■ TASK INSTRUCTIONS ■
The entries below should be quoted exactly, with no pictures carried over.

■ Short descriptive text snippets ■
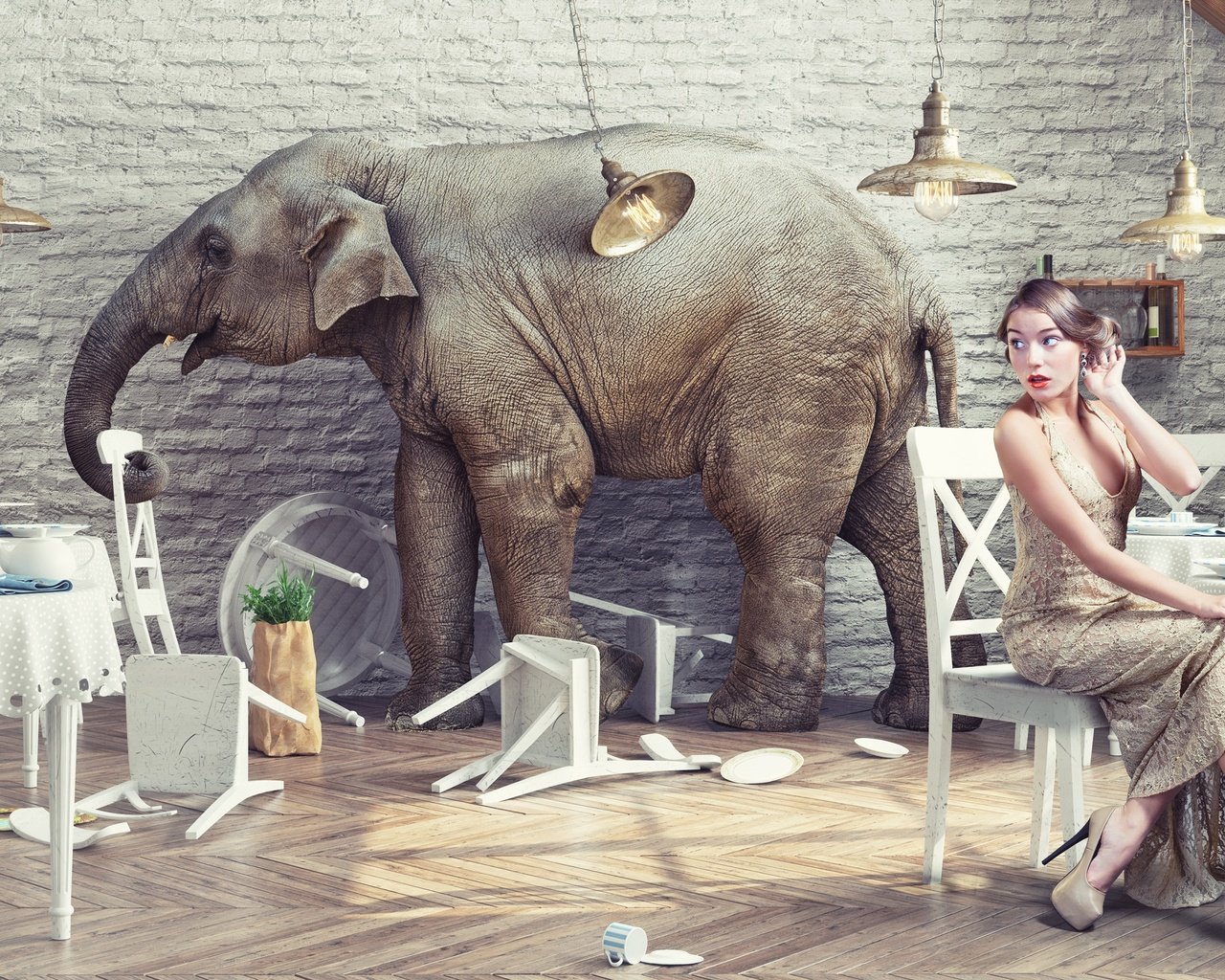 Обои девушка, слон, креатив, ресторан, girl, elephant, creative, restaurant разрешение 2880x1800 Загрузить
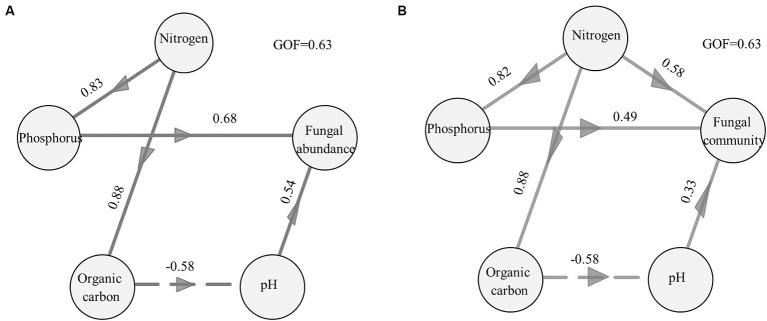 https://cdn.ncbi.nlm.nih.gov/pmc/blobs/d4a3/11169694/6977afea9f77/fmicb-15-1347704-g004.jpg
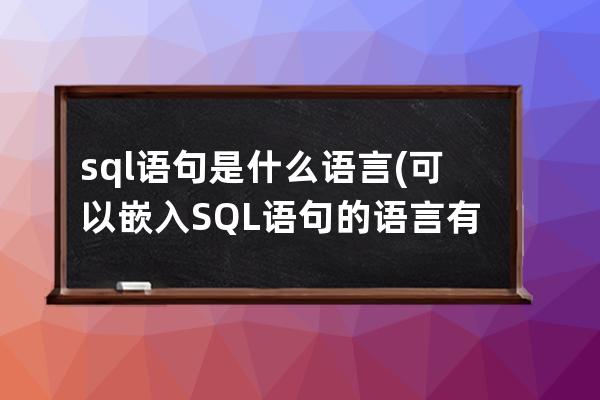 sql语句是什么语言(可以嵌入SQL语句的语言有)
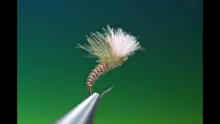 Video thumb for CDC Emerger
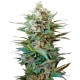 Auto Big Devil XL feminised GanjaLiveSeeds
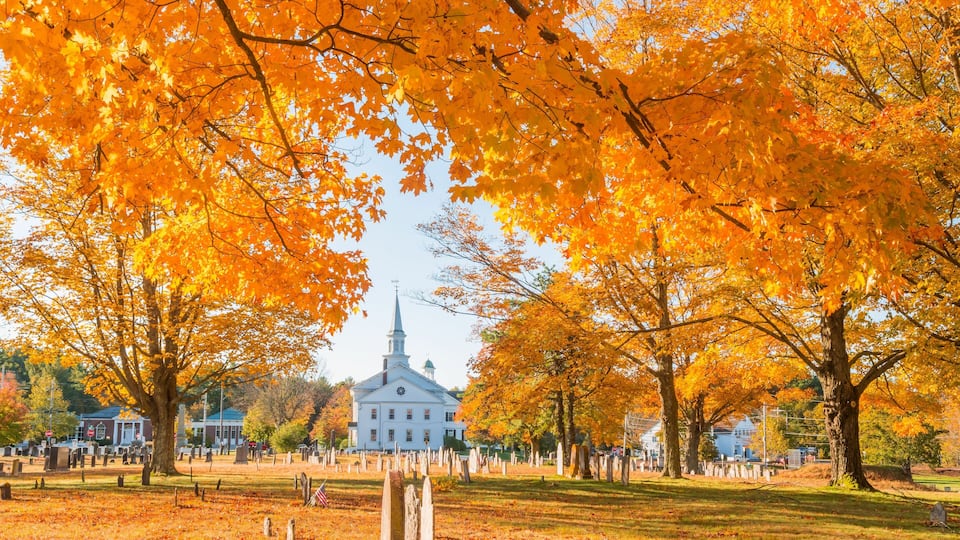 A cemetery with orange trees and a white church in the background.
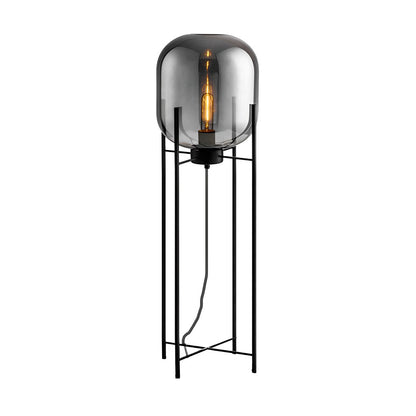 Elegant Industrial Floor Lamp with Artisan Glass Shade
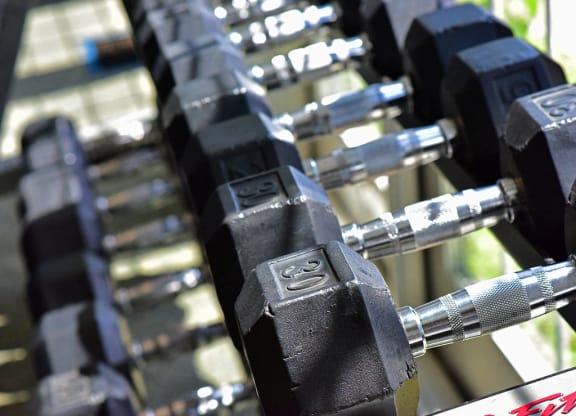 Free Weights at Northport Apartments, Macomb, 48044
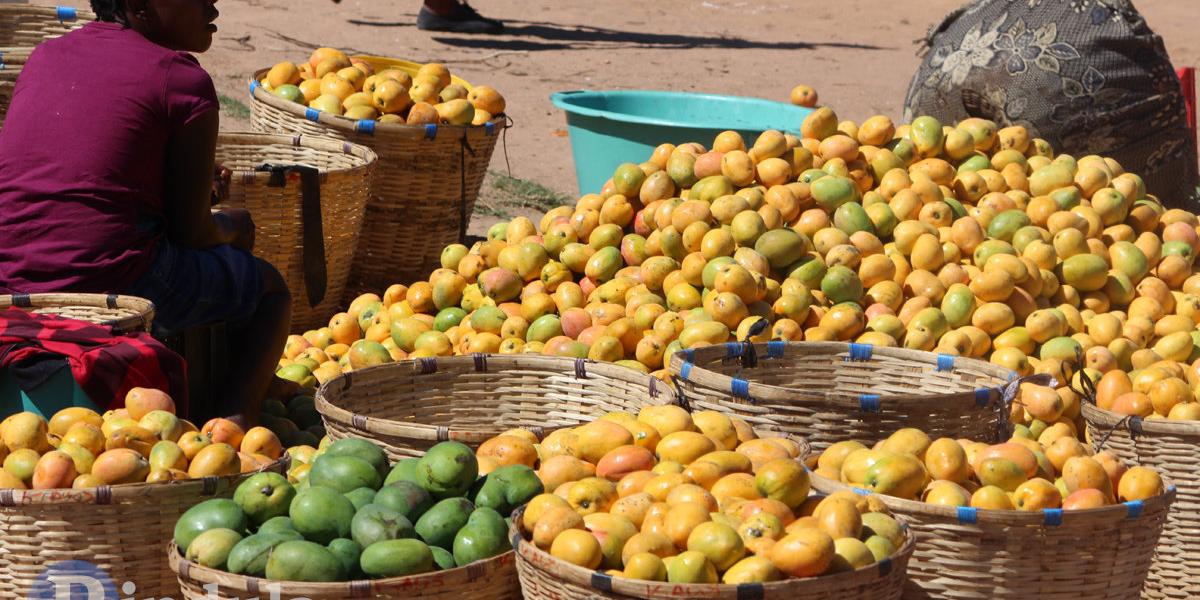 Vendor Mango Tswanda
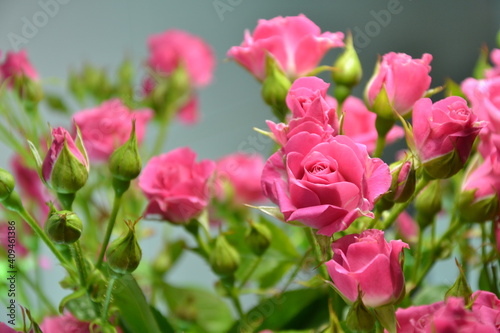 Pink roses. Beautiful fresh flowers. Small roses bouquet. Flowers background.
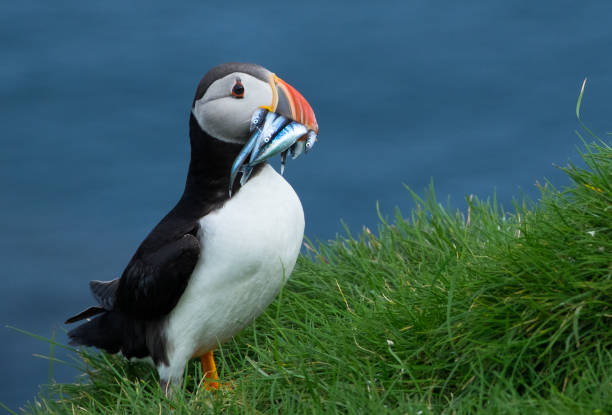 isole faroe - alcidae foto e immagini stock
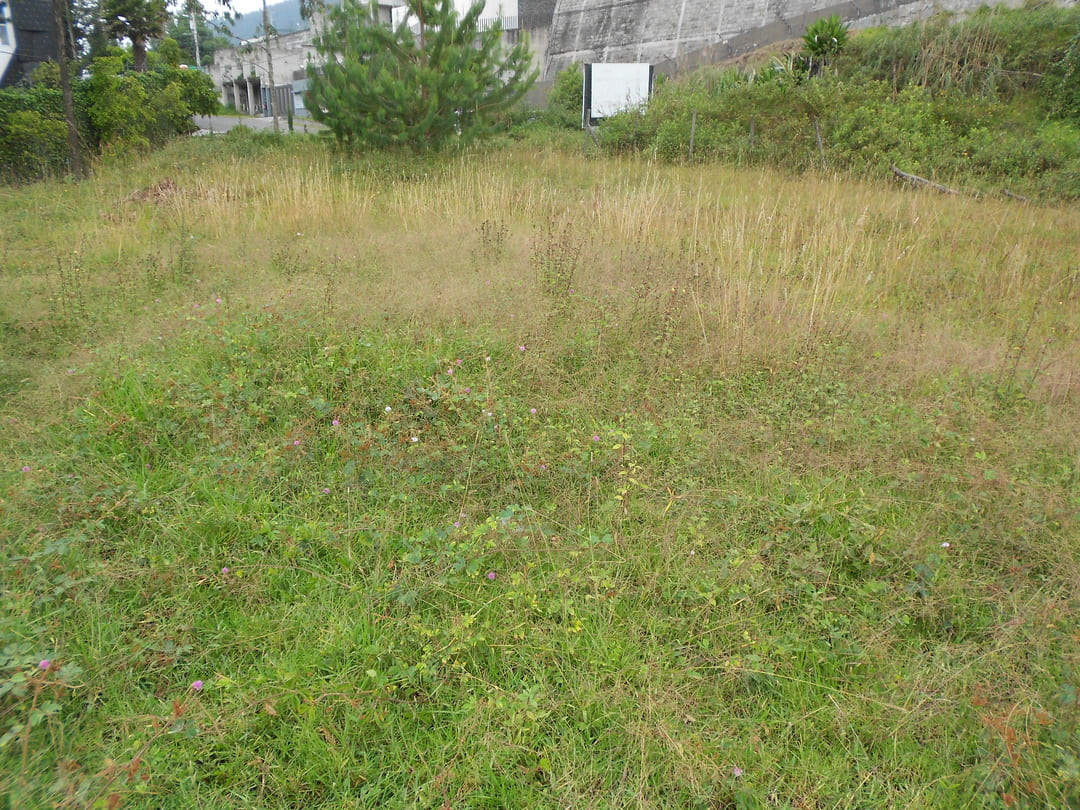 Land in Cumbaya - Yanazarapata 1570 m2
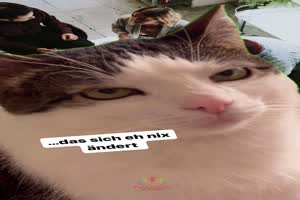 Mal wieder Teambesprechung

■ WRITTEN RESPONSE ■
 Обои девушка, слон, креатив, ресторан, girl, elephant, creative, restaurant разрешение 2880x1800 Загрузить
 https://cdn.ncbi.nlm.nih.gov/pmc/blobs/d4a3/11169694/6977afea9f77/fmicb-15-1347704-g004.jpg
 sql语句是什么语言(可以嵌入SQL语句的语言有)
 Video thumb for CDC Emerger
 Auto Big Devil XL feminised GanjaLiveSeeds
 A cemetery with orange trees and a white church in the background.
 Elegant Industrial Floor Lamp with Artisan Glass Shade
 Free Weights at Northport Apartments, Macomb, 48044
 Vendor Mango Tswanda
 Pink roses. Beautiful fresh flowers. Small roses bouquet. Flowers background.
 isole faroe - alcidae foto e immagini stock
 Land in Cumbaya - Yanazarapata 1570 m2
 Mal wieder Teambesprechung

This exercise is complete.